In our new English series, we publish a range of articles for Berlin visitors, tourists and newbies.
Are you new in town and want to know how to manoeuvre yourself through the streets of Berlin? Don’t be intimidated. Although Berlin is a large city (891.8 km squared), the people are friendly, and the area has exceptional train, tram, bus and underground services for you to use to get where you need to go.
Exploring Berlin by Bicycle (Recommended)
If you are a tourist, perhaps the best way to get around and to discover things to do in Berlin is by bike. Berlin is a great biking city – there are no steep hills and a number of bicycle paths for you to utilize all throughout the area. There are 60km of bike lanes on the city streets, 50 km of bike lanes on walking paths, 70km of bike and bus lanes, and 100km of paths for both pedestrians and bicycles. If you are a bit inexperienced at biking, be forewarned – there is almost always bicycle traffic due to their popularity in Berlin.

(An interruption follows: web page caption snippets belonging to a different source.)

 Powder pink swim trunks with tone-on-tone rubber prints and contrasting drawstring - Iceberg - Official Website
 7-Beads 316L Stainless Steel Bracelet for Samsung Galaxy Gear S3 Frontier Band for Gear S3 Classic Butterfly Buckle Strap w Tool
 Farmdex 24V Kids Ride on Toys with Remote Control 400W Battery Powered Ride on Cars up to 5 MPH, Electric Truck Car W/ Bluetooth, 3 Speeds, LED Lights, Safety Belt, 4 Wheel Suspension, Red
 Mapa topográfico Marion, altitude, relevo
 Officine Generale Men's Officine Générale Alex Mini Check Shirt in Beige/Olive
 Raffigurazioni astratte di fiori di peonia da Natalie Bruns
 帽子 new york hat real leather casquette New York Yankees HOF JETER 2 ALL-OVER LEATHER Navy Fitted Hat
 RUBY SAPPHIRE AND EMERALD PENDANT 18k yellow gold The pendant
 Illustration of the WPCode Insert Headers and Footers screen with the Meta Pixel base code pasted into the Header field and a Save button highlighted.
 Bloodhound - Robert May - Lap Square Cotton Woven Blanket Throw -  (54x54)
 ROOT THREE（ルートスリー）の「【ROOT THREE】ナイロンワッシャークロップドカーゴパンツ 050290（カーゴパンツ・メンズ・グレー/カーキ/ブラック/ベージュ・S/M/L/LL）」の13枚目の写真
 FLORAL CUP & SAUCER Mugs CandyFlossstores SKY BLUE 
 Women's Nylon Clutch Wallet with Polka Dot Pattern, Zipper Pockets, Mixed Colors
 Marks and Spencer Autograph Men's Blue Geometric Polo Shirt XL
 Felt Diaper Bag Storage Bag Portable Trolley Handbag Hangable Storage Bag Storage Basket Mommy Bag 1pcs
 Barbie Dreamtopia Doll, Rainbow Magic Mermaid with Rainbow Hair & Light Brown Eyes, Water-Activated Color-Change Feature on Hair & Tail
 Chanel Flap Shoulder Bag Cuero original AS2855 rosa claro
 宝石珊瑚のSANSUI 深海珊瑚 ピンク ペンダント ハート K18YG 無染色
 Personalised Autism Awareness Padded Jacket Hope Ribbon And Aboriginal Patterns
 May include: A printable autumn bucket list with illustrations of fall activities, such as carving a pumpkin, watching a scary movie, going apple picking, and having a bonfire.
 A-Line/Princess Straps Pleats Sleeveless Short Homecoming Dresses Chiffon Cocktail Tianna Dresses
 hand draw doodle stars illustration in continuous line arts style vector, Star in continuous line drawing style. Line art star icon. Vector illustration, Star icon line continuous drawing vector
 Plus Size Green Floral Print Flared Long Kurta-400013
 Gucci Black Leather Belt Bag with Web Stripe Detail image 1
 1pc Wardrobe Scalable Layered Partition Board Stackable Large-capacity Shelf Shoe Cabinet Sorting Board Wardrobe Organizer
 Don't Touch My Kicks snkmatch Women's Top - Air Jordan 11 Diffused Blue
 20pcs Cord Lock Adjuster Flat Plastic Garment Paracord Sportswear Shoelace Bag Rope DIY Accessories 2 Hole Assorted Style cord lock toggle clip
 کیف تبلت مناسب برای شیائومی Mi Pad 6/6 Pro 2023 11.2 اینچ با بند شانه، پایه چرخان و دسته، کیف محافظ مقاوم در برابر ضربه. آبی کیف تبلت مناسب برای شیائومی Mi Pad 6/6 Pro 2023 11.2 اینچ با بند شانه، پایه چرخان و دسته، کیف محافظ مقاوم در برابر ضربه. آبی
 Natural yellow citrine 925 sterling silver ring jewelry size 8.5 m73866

If you’re a traveler, viewing the tourist sites of Berlin and the smaller side streets is easy and fun via bicycle. Berlin is very beginner friendly. Though it is a good idea to bring your own map, you can always check on your location at a U-Bahn station and various bus stops.
Tip: If you are visiting Berlin and you want to travel by bicycle, you can craft your own bike maps online, choosing the least busy routes, your favourite surface to drive on, or choose a route with the least amount of traffic lights. Bicycle rentals are abundant in Berlin. You can rent one out from a shop or online for a very inexpensive price tag.
Berlin by Train: Quick and Easy
The S-Bahn is one of the quickest ways to get around the area. The S-Bahn lines S5, S7 and S75 run east and west in between Osktreuz and Westkreuz. Other lines run along a circle around the city, and there is a track running north to south via connection S1, S2, S25 from Gesundbrunnen through FriedrichstraBe to Schöneberg or Südkreuz.
The Berlin U-Bahn is an amazing way to get where you need to go. If you are not sure where you are going, don’t fret: all of the U-Bahn stations have electronic signs that will show you the time of the next train to catch and its direction. If you need to find your bearings, there are detailed maps in every U-Bahn station, and on the trains themselves. If you want a way to get around that is speedy and efficient, you will want to check out the U-Bahn.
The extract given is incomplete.